Lead Photo: Jen Squires
JUNO-award winning, Prince Edward Island based The East Pointers recently released their new single “Two Weeks” from their sophomore LP ‘What We Leave Behind’. The melancholy song was co-written with Grammy awarding winning Gordie Sampson amid recording sessions at Nashville’s famed Sound Emporium last winter, where What We Leave Behind was cut. The song documents a passage depressingly common in the bands’ home province of Prince Edward Island and played out the world over in economically challenged communities: the need to leave home and travel far away from friends and family to find work.

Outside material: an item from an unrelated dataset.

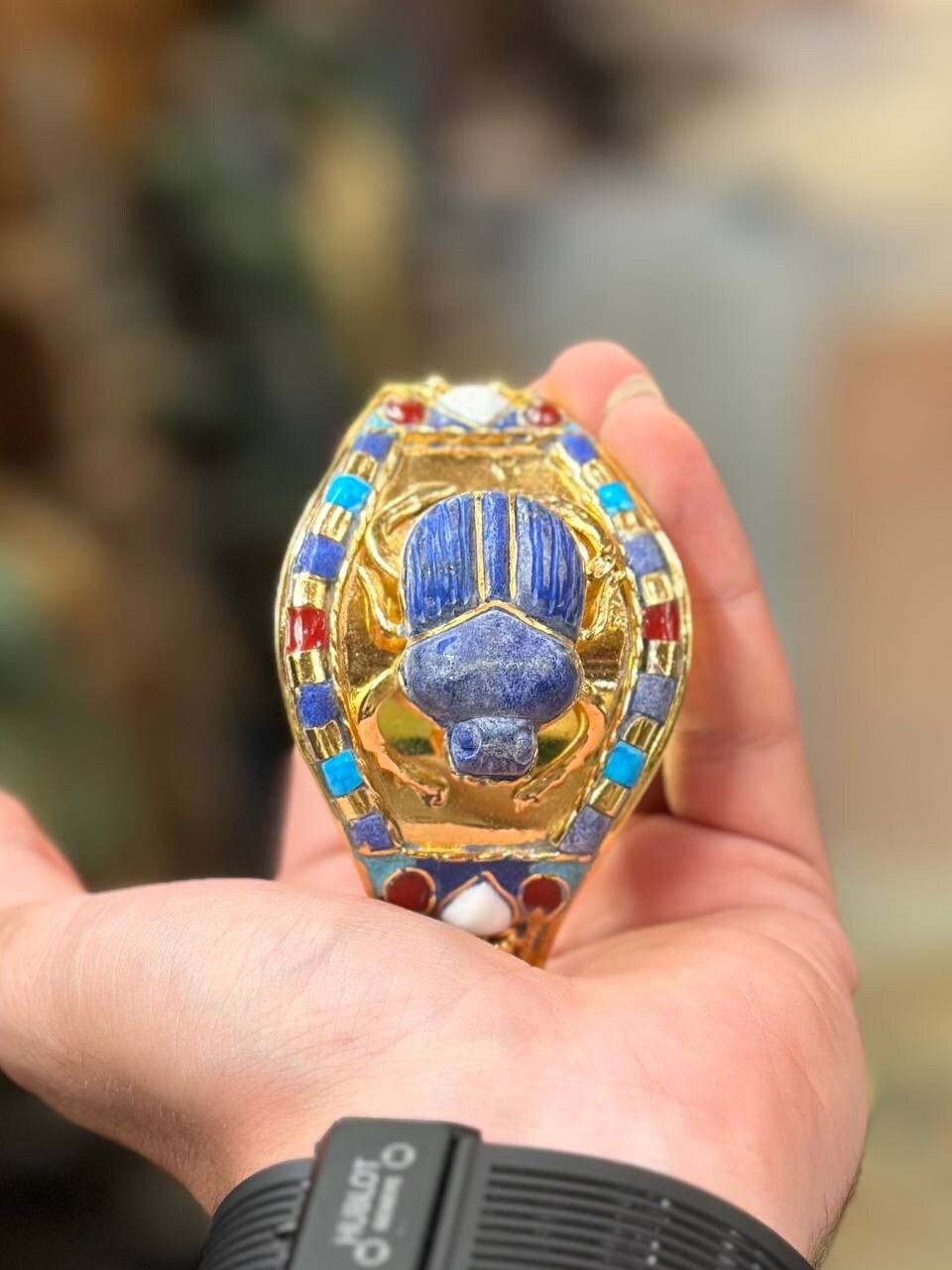 24金メッキ ラピスラズリ スカラベ ブレスレット：エジプト博物館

The new album was produced by superstar East Coast-bred songwriter/producer Gordie Sampson and features a diverse selection of songs ranging from somber and hauntingly beautiful to joyous and celebratory. What We Leave Behind carves a new path for The East Pointers, as they continue to blur the lines between traditional and popular music and develop a devoted fan-base around the globe.

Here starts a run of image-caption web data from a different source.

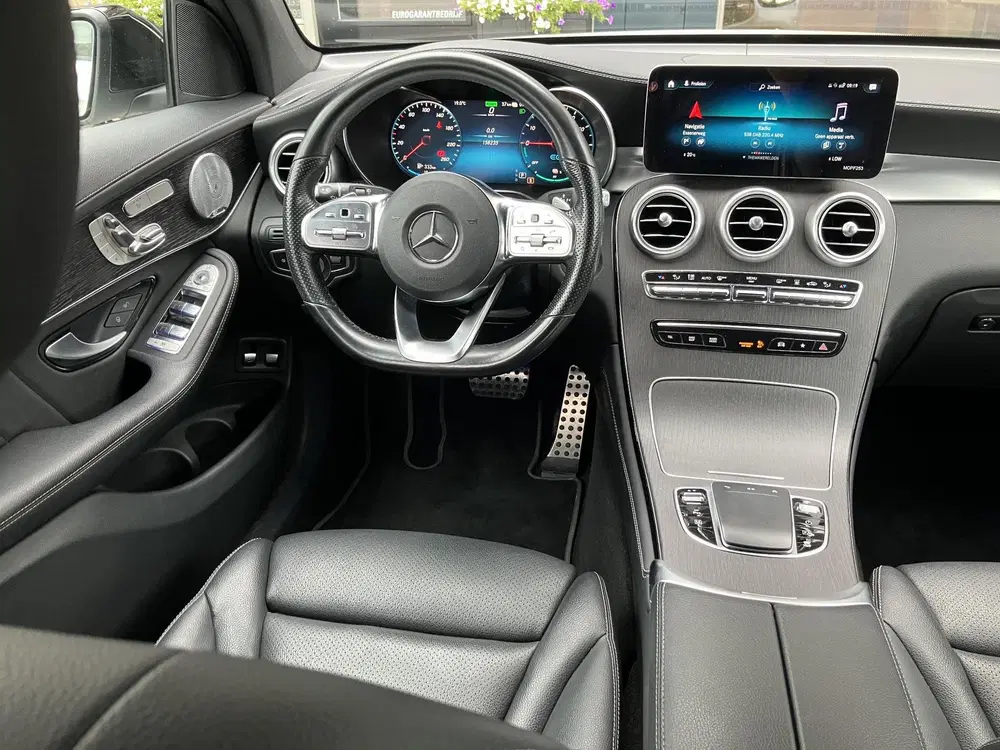 Mercedes-Benz GLC 300e 4MATIC AMG uit 2020, foto 4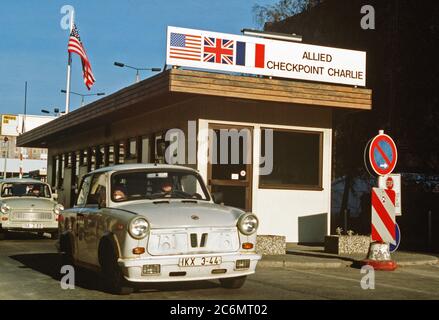 Ostdeutsche fahren ihre Fahrzeuge durch Checkpoint Charlie als Sie entspannt reisen Einschränkungen West Deutschland zu besuchen. Stockfoto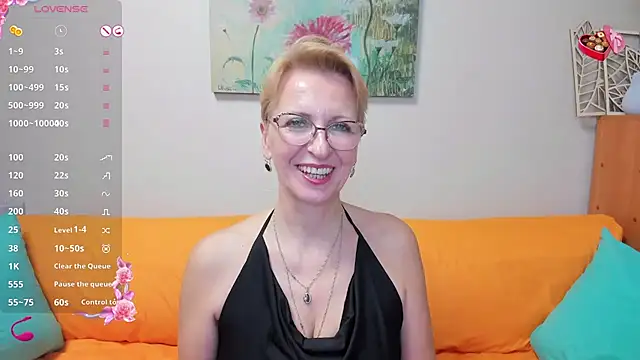 Snapshot of iamyourdream89 chatting on 03-13-25, 07:20 iamyourdream89 online show from 03-13-25, 07:20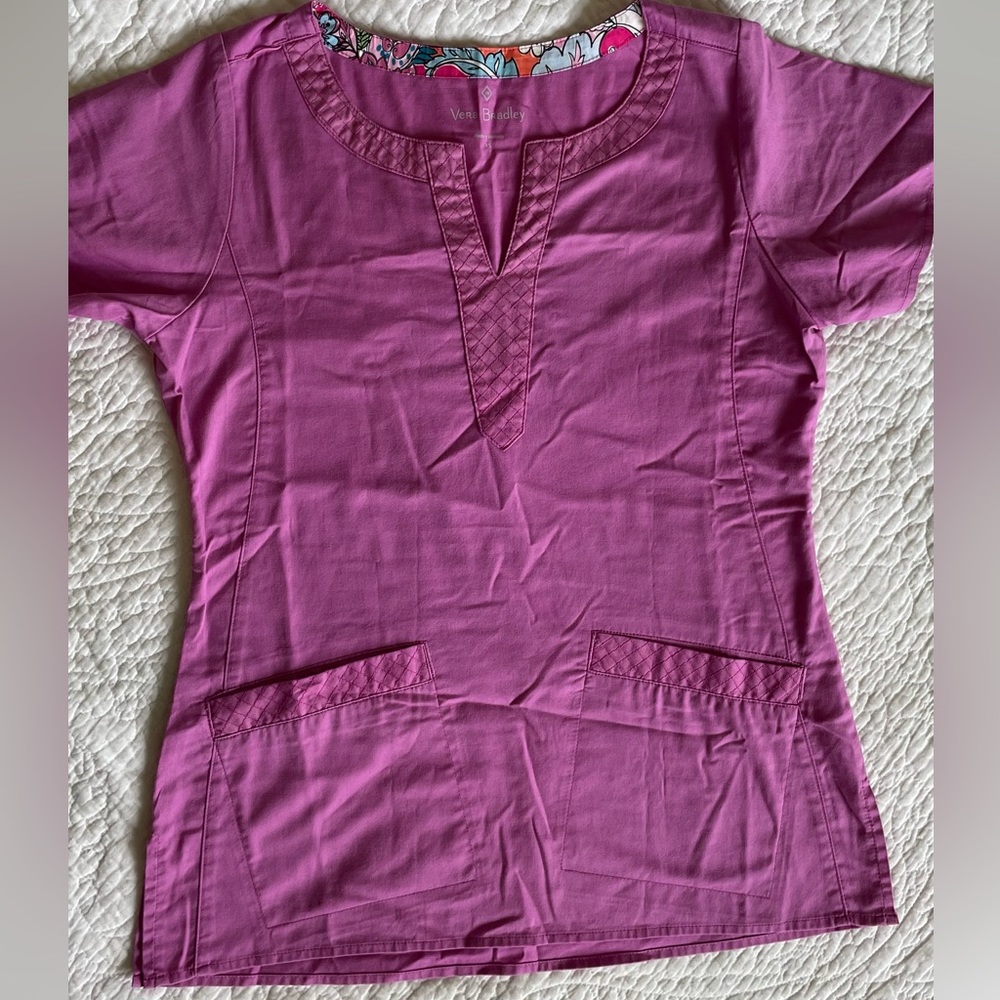 Vera Bradley PINK Scrub Top (Size: X-Small)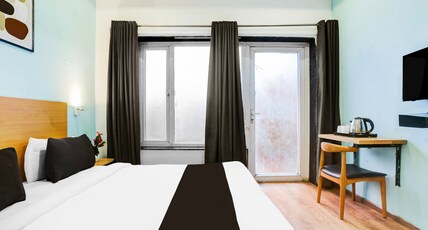 Super Townhouse Rohini Sector 23 Room Type - Classic with Balcony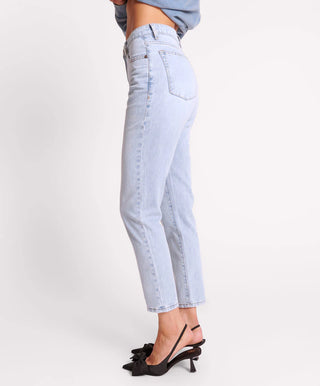 BLUE LATTE LEGENDS HIGH WAIST MOM JEAN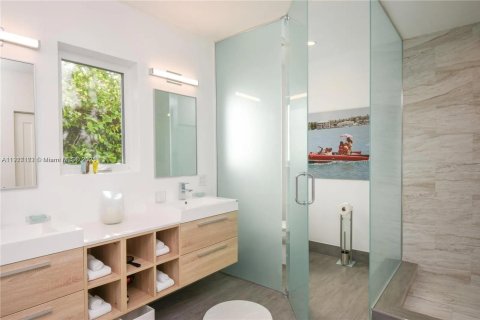 House in Miami Beach, Florida 3 bedrooms, 202.71 sq.m. № 1973406 - photo 27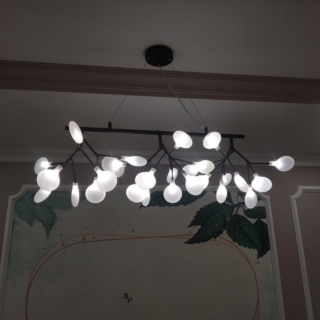 Đèn Hera Decor thân màu Đen 27 bóng chao màu trắng Đục TTKHERA-Den-Ngang-27-ChaoDuc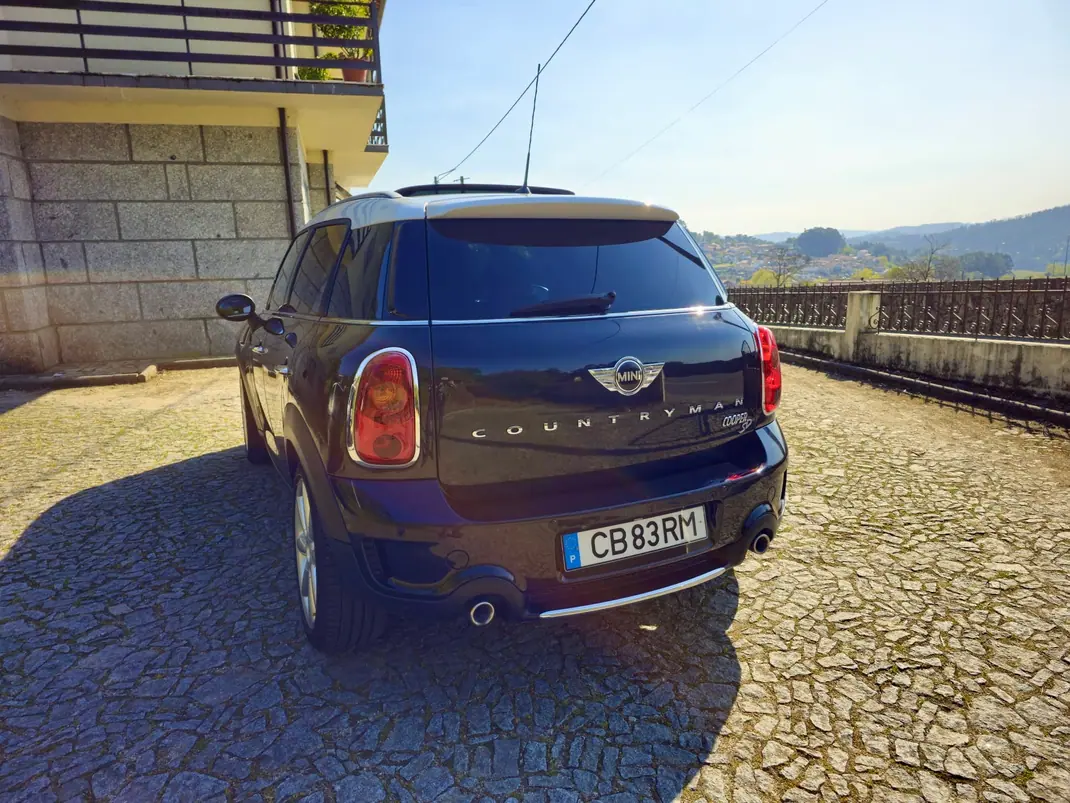 MINI Countryman 2011 - 13500 EUR, 211000 km - AUTO.MOTO.pt - 211000km - foto 3 de 14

The East Pointers’ – fiddler/singer Tim Chaisson, banjoist Koady Chaisson and guitarist Jake Charron – blistering live shows and palpable authenticity make their instrumental tunes practically cartwheel and infuses their lyric-driven songs with poignancy and grace. The folk power trio who mix dynamic transatlantic Celtic sounds with three part-harmonies have been collecting accolades since the release of their debut album Secret Victory including, a 2017 Juno Award for “Traditional Roots Album of the Year” as well as a 2016 Canadian Folk Music Award for “Ensemble of the Year”.

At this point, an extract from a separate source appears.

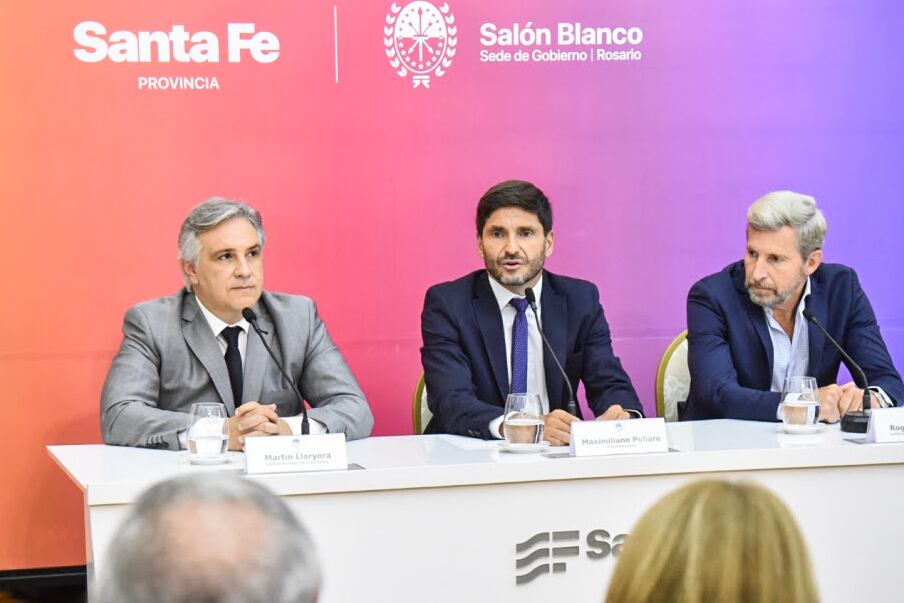 Martín Llaryora, Maximiliano Pullaro y Rogelio Frigerio se reunieron en Rosario.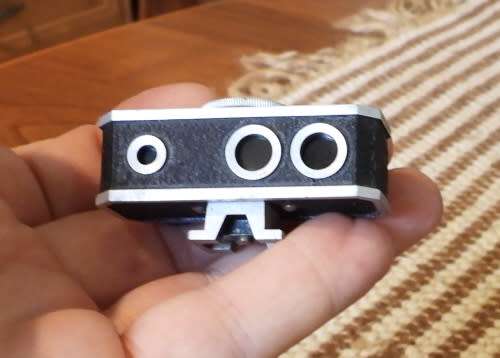 Leica camera bits, photos show exact items on sale,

The band is currently in the midst of a massive international tour that started last fall and included dates in the UK, Australia and New Zealand; they are currently continuing their journey across Canada.
We had the opportunity to catch up with Tim Chaisson to discuss songwriting, their new single and what’s next.
Kat: Could you talk about the inspiration behind your single “Two Weeks”?
TC: Well, the conversation of ‘two weeks on, two weeks off’ is a common one around home. We have so many family and friends who travel to Alberta to make their living (Koady did it for a while before taking up the tenor banjo full time). We know from being surrounded by it that it’s not always easy. When we were writing with Gordie Sampson (another east coaster) we took a crack at writing something that captured that struggle and a few hours later the song was done.
Kat: What is your songwriting process like?
TC: It’s always different! We spend so much time on the road that we don’t necessarily block out specific ‘writing times’. With tune writing, we’re always kinda picking at it but we’ve been enjoying co-writing with our friends when we have a few days off on the road. Just whenever inspiration strikes!
Kat: Could you speak a little on your musical idols or role models?
TC: Oh geez, there are so many. Koady and I grew up on Prince Edward Island so we were basically exposed only to east coast folk artists – The Rankin Family, Natalie MacMaster, Great Big Sea, (along with our older siblings and cousins who were monster players). There was also Sloan and Joel Plaskett Emergency who tore it up too. All three of us bonded over trad music initially though since it was our first musical passion.
Kat: Have you ever been given any advice in regards to your music career that you felt you really connected with or made an impact?
TC: Treating everyone good, at all times. The connections you develop with other musicians and music lovers is a special one that not everyone gets to experience. We’re just lucky to be able to do what we do and we’re very grateful :)
Kat: What’s on your playlist right now?
TC: A mix! Lately though… John Butler Trio, Alysha Brilla, Bruce Springsteen, Bahamas, Donovan Woods, Liz Carroll… So much more.
Kat: What can your fans expect from you next?
TC: More touring! We’re in Canada for the next few weeks and then USA until May. And then summer festivals! Woo!